We'll be working with the "recipes" knowledge graph, which is used throughout the `kglab` tutorial (see the [Syllabus](https://derwen.ai/docs/kgl/tutorial/)).

This version of the recipes kg contains around ~15K recipes linked to their respective ingredients, as well as some other properties such as cooking time, labels and descriptions. 

Let's load the knowledge graph into a `kg` object by reading from an RDF file (in Turtle):

In [3]:
import kglab

NAMESPACES = {
    "wtm":  "http://purl.org/heals/food/",
    "ind":  "http://purl.org/heals/ingredient/",
    "recipe":  "https://www.food.com/recipe/",
    }

kg = kglab.KnowledgeGraph(namespaces = NAMESPACES)

_ = kg.load_rdf("data/recipe_lg.ttl")

Let's take a look at our graph structure using the `Measure` class:

In [4]:
measure = kglab.Measure()
measure.measure_graph(kg)

f"Nodes: {measure.get_node_count()} ; Edges: {measure.get_edge_count()}"
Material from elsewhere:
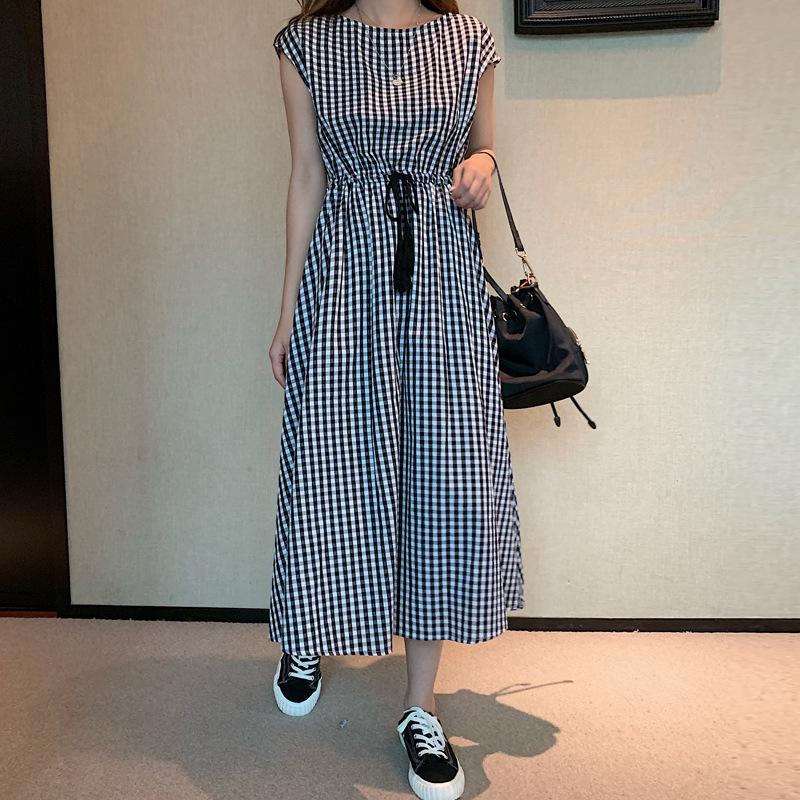 Большая юбка летнее платье свободного покроя из хлопка и льна большого размера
'Nodes: 15983 ; Edges: 160980'

In [5]:
measure.p_gen.get_tally() # tallies the counts of predicates

Unnamed: 0,count
http://purl.org/heals/food/hasIngredient,113537
http://www.w3.org/1999/02/22-rdf-syntax-ns#type,15981
http://www.w3.org/2004/02/skos/core#definition,15481
http://purl.org/heals/food/hasCookTime,15407
http://www.w3.org/2004/02/skos/core#prefLabel,574


In [6]:
measure.s_gen.get_tally() # tallies the counts of predicates

Unnamed: 0,count
https://www.food.com/recipe/67888,25
https://www.food.com/recipe/501028,25
https://www.food.com/recipe/38276,24
https://www.food.com/recipe/277843,24
https://www.food.com/recipe/262816,23
...,...
http://purl.org/heals/ingredient/garlic_powder,2
http://purl.org/heals/ingredient/spinach,2
http://purl.org/heals/ingredient/toasted_sesame_oil,2
http://purl.org/heals/ingredient/salmon,2


In [7]:
measure.o_gen.get_tally() # tallies the counts of predicates

Unnamed: 0,count
http://purl.org/heals/food/Recipe,15407
http://purl.org/heals/ingredient/Salt,9034
http://purl.org/heals/ingredient/AllPurposeFlour,6456
http://purl.org/heals/ingredient/ChickenEgg,6041
http://purl.org/heals/ingredient/WhiteSugar,5979
...,...
http://purl.org/heals/ingredient/wood_bethony,1
http://purl.org/heals/ingredient/smoked_chicken,1
http://purl.org/heals/ingredient/dried_sweet_basil_leaves,1
http://purl.org/heals/ingredient/red_chile,1


In [8]:
measure.l_gen.get_tally() # tallies the counts of literals

Unnamed: 0,count
PT30M,1129
PT20M,1074
PT25M,956
PT10M,938
PT15M,906
...,...
tre s catalina dressing,1
neenish tarts,1
japanese take out ginger salad dressing,1
tatizas chamorro snack,1


From the above exploration, we can extract some conclusions to guide the next steps:

- We have a limited number of relationships, being `hasIngredient` the most frequent.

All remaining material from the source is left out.